JP2002015620A - Conductor composition and wiring board using it - Google Patents

Abstract

PROBLEM TO BE SOLVED: To provide a wiring substrate of high adhesive strength wherein the wettability between a wiring layer and glass ceramics is improved without increasing the conductor resistance of the wiring layer even if a copper wiring layer and an insulating substrate made of glass ceramics are simultaneously fired. SOLUTION: In the wiring board 1 formed with the surface and/or the inside of an insulating substrate 2 made of glass ceramics coated by a metallized wiring layer 3 mainly made of Cu. The metallized layer is formed by coating and firing a conductor composition containing 1 to 10 parts by weight of Ni by NiO conversion and 0.1 to 3 parts by weight of CuO to 100 parts by weight of Cu, wherein an Ni diffusion layer is formed in a region of 2 to 20 μm directly beneath the metallized wiring layer 3.

Description

DETAILED DESCRIPTION OF THE INVENTION

[0001]

BACKGROUND OF THE INVENTION 1. Field of the Invention The present invention relates to a wiring formed by forming a metallized wiring layer containing Cu as a main component formed by firing simultaneously with a single-plate or laminated wiring substrate made of glass ceramic. It relates to a substrate.

[0002]

2. Description of the Related Art In recent years, in a wiring board, compatibility, high density, and high speed of a high-frequency circuit have been demanded, and a dielectric constant lower than that of an alumina-based ceramic material has been obtained. Possible low-temperature fired wiring boards are receiving more attention. This low-temperature fired wiring board is formed on an insulating substrate made of glass ceramic by co-firing with the substrate,
A wiring board provided with a metallized wiring layer mainly composed of a low-resistance metal such as gold or silver is known. Such a wiring board, after printing a conductive paste containing the low-resistance metal powder on a sheet-shaped molded body made of a glass ceramic composition,
It is manufactured by simultaneous firing at 800 to 1000 ° C.

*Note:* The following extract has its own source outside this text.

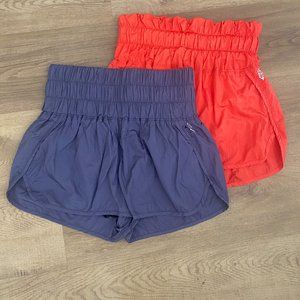 Set of 2 Free People Movement The Way Home Shorts (Size Small)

Further, the low-temperature fired wiring board has a low resistance of a wiring layer and a low dielectric constant and a low dielectric loss of an insulating substrate. Applications to various fields such as personal handy phone systems and high-frequency multilayer wiring boards used for various satellite communications are being promoted.

As a low-resistance wiring layer used for a low-temperature fired wiring board, the use of a gold-based material is limited due to the problem of high cost and the use of a silver-based material due to problems such as migration. Although the baking process needs to be performed in a nitrogen atmosphere, the copper-based material is a material for forming the wiring layer because it can sufficiently meet the demands for higher density of the wiring board and higher frequency of the circuit in the wiring board. Has become mainstream.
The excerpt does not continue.